**What the task asks:** Given these entries, repeat exactly the lines starting with the one that has "So since we" and going on through the one that has "So that's the", both included, but none of the pictures.

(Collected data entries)

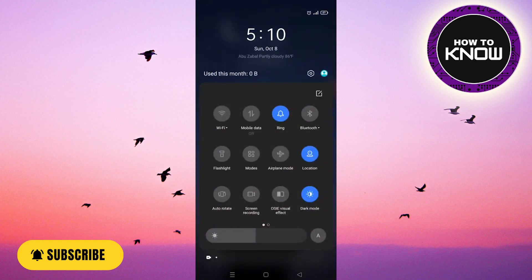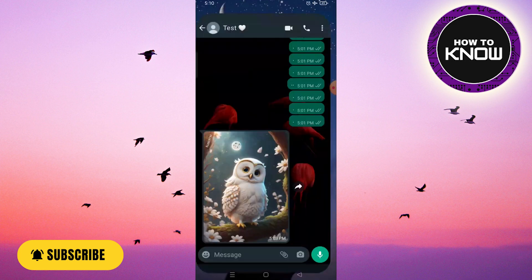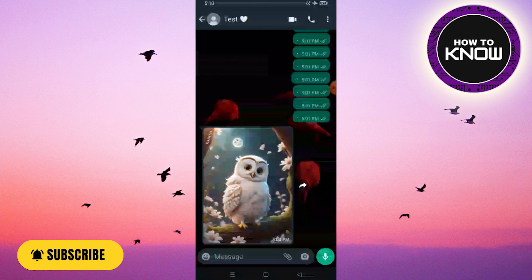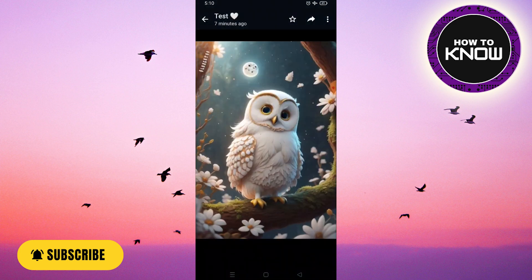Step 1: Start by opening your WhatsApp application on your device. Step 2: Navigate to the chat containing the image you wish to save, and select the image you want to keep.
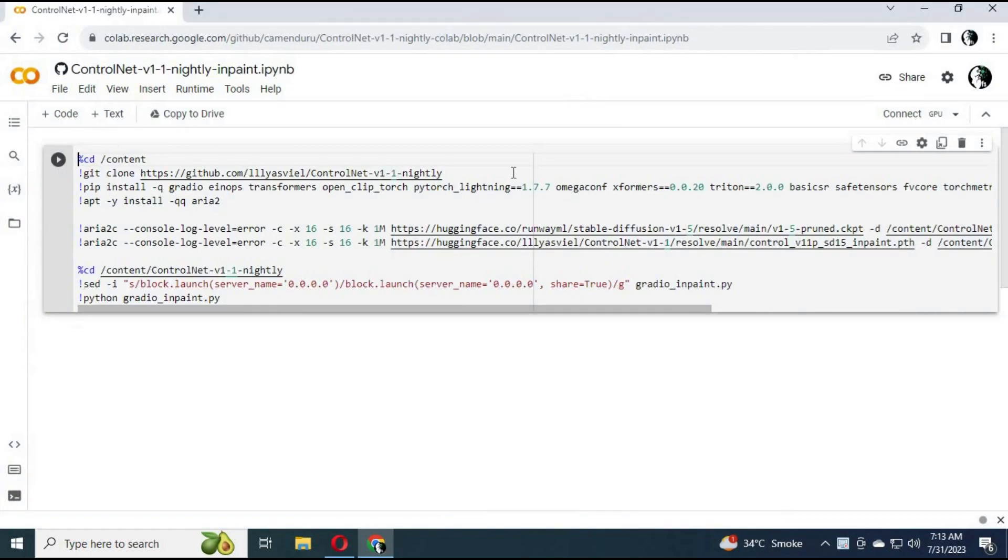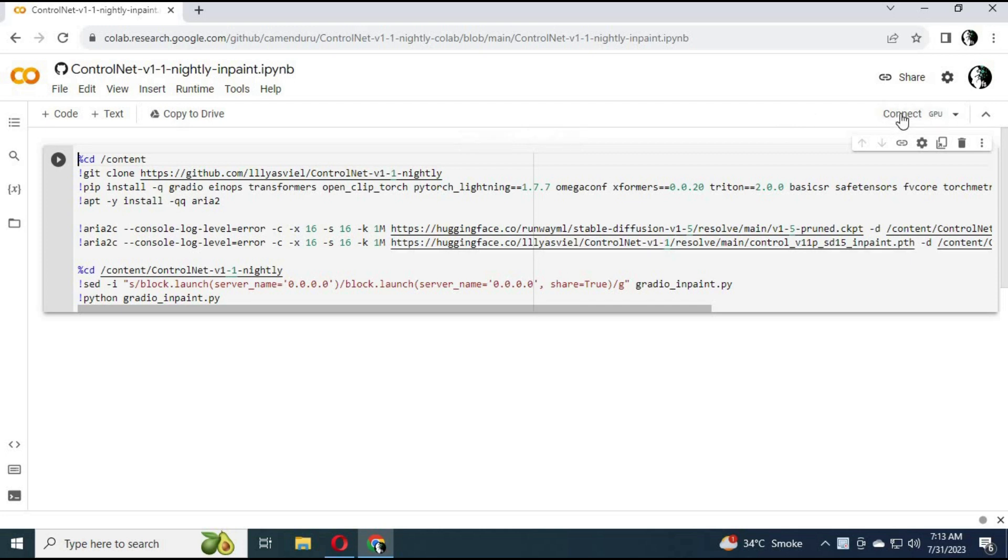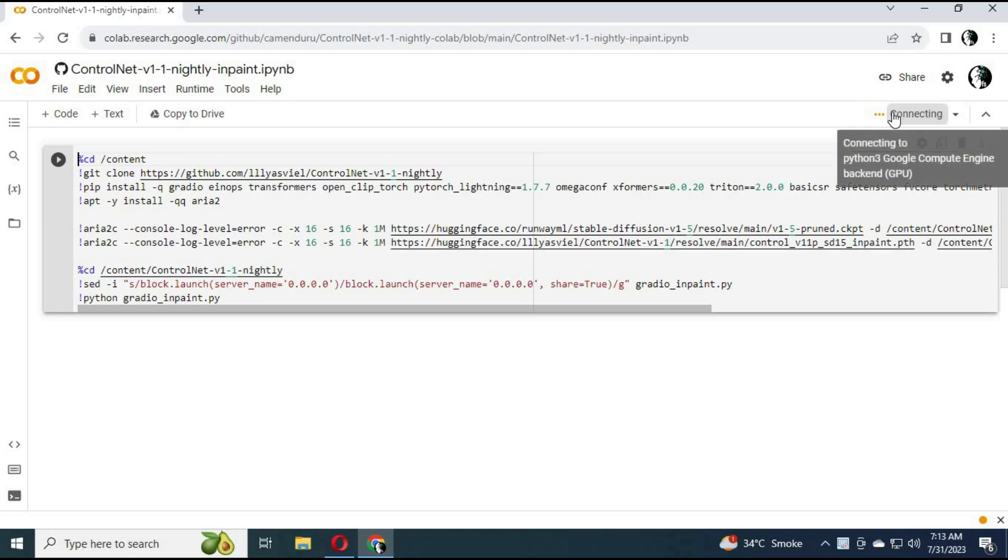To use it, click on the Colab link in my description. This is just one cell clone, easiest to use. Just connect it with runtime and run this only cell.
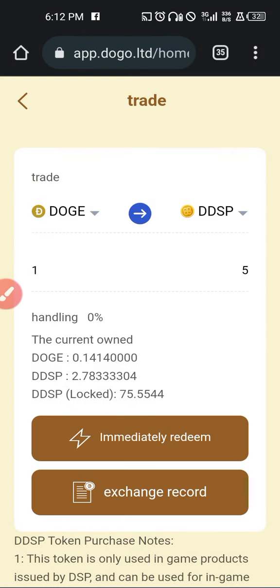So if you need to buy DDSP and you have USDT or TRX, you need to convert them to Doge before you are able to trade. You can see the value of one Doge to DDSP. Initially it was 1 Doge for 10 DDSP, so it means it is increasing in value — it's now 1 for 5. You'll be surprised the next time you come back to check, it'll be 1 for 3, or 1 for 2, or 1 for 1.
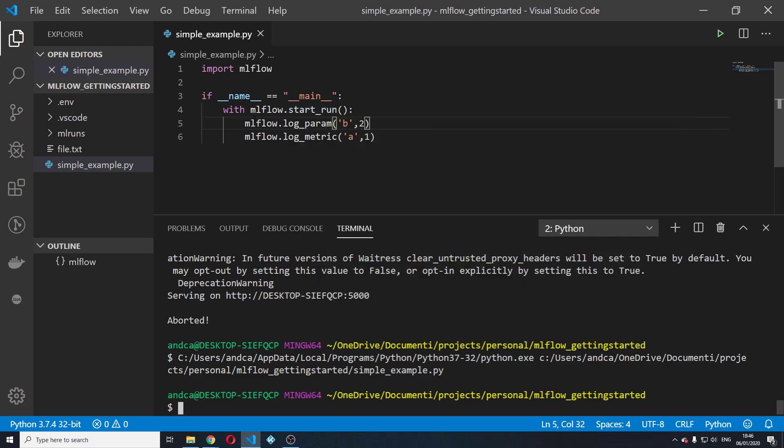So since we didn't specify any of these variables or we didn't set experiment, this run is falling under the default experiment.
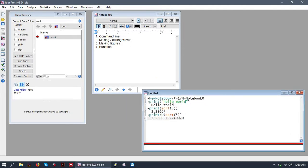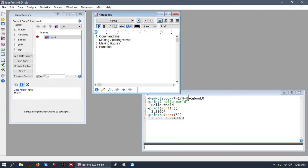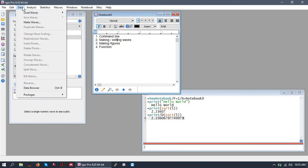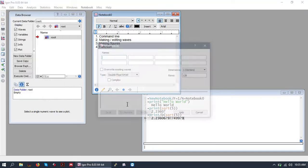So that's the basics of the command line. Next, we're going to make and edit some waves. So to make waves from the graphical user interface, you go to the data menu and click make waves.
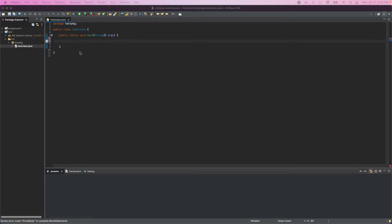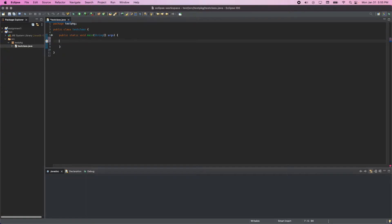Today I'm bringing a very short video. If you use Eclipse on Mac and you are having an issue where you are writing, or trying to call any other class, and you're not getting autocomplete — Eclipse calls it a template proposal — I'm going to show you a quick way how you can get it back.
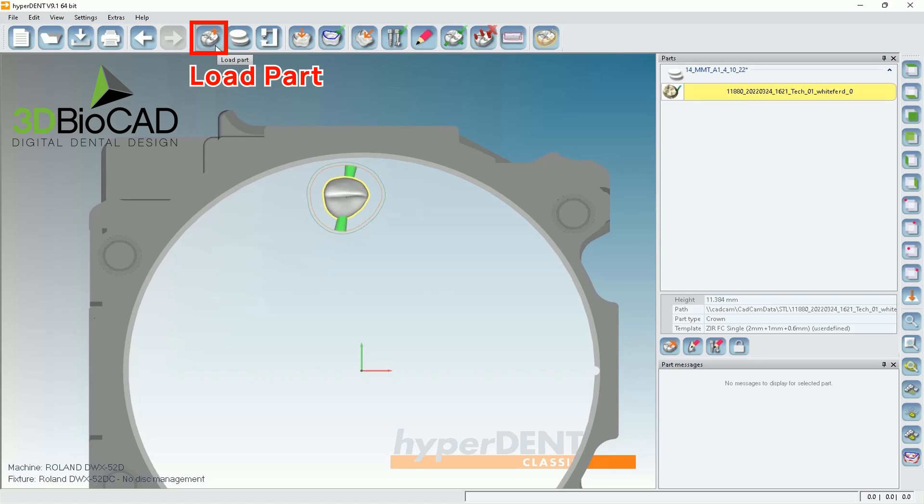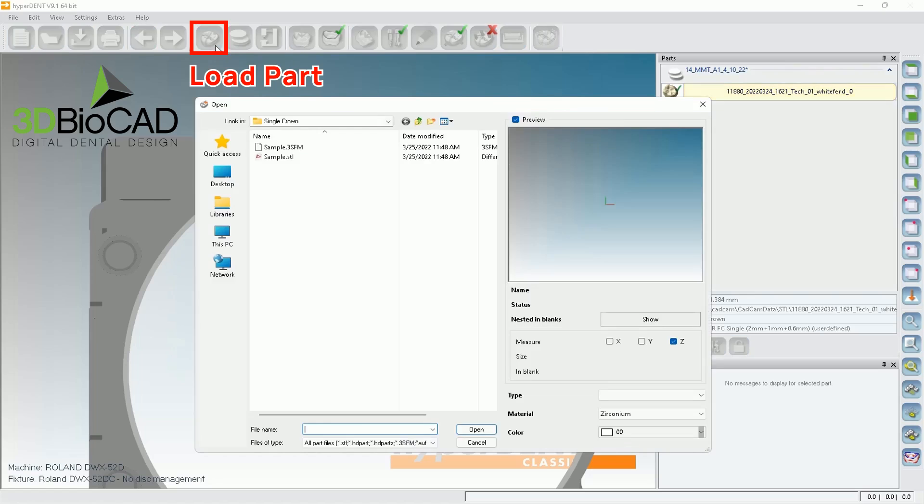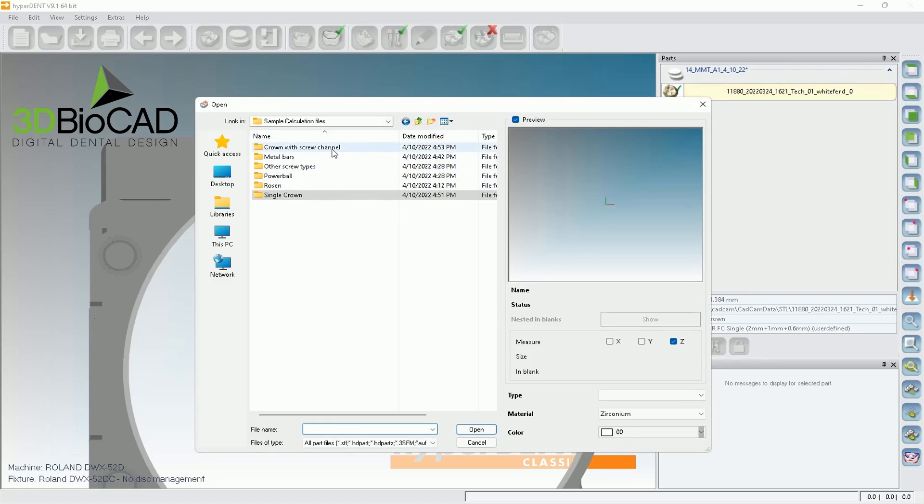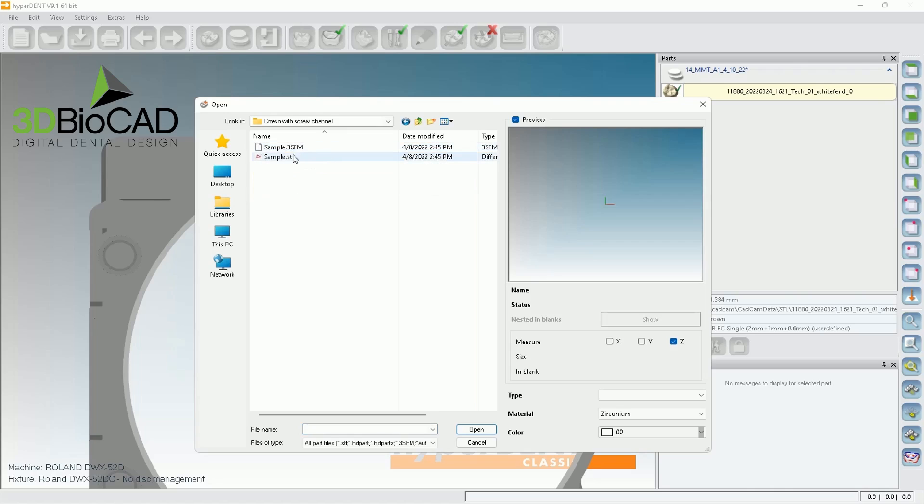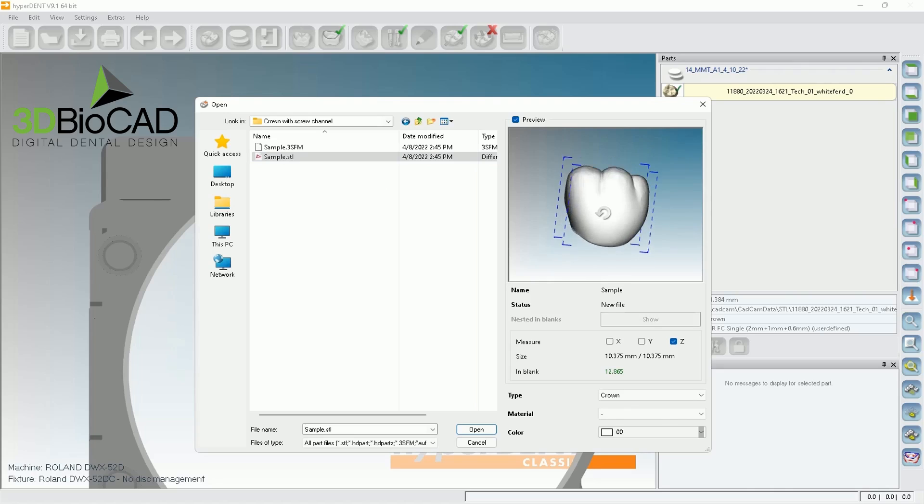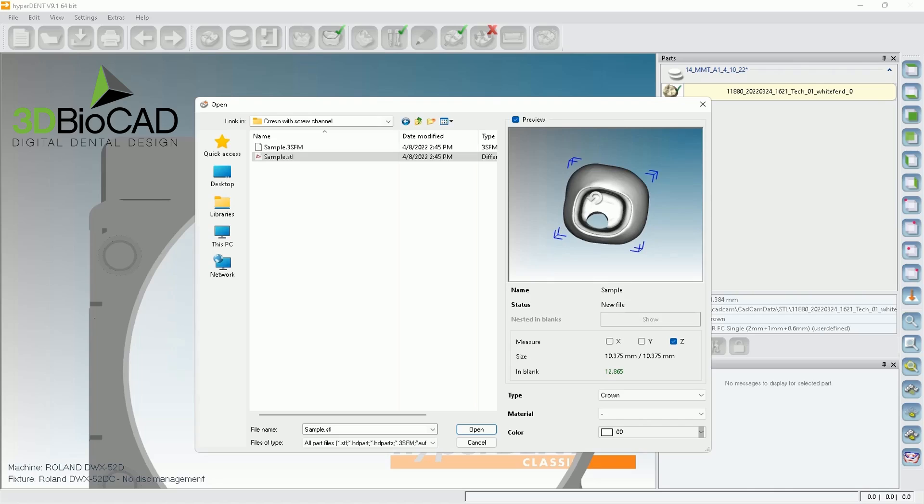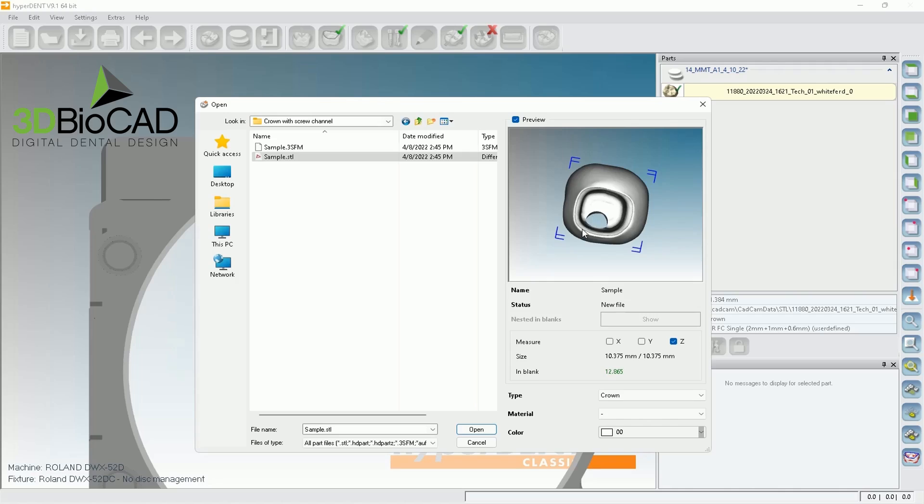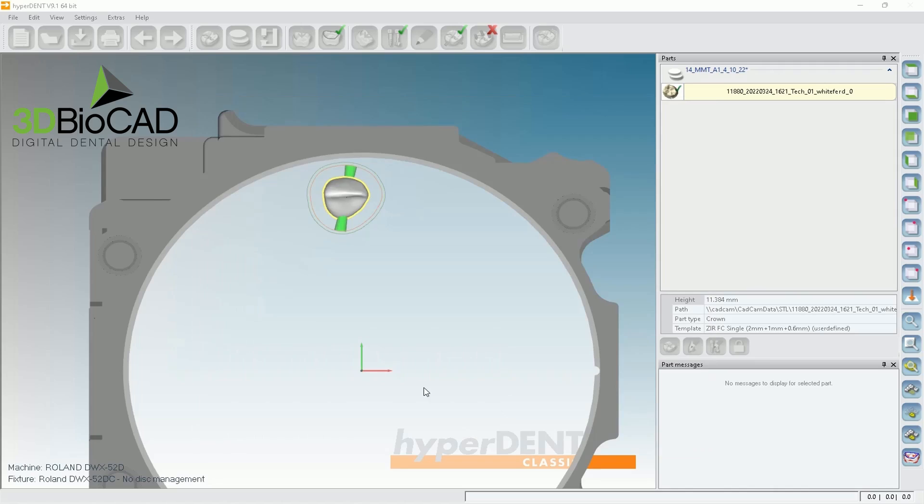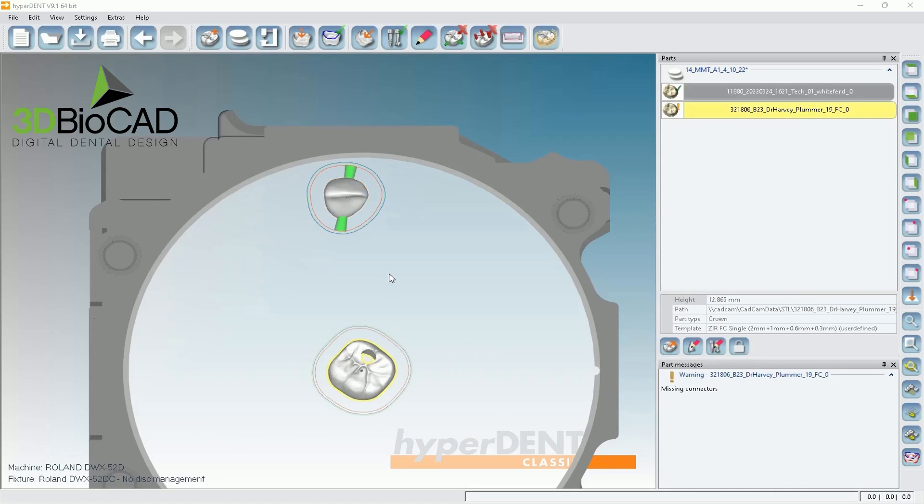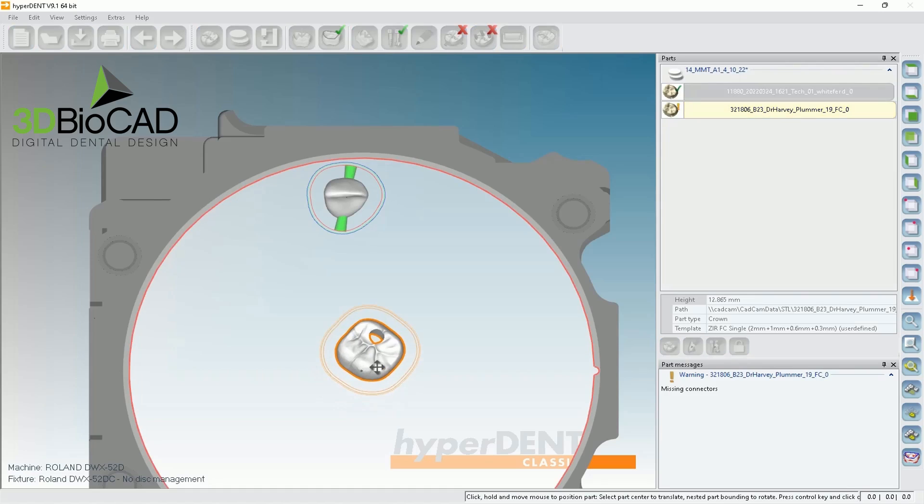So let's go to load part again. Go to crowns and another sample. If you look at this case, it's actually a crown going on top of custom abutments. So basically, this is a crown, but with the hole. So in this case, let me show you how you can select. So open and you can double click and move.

**Reply:**
So since we didn't specify any of these variables or we didn't set experiment, this run is falling under the default experiment.
So that's the basics of the command line. Next, we're going to make and edit some waves. So to make waves from the graphical user interface, you go to the data menu and click make waves.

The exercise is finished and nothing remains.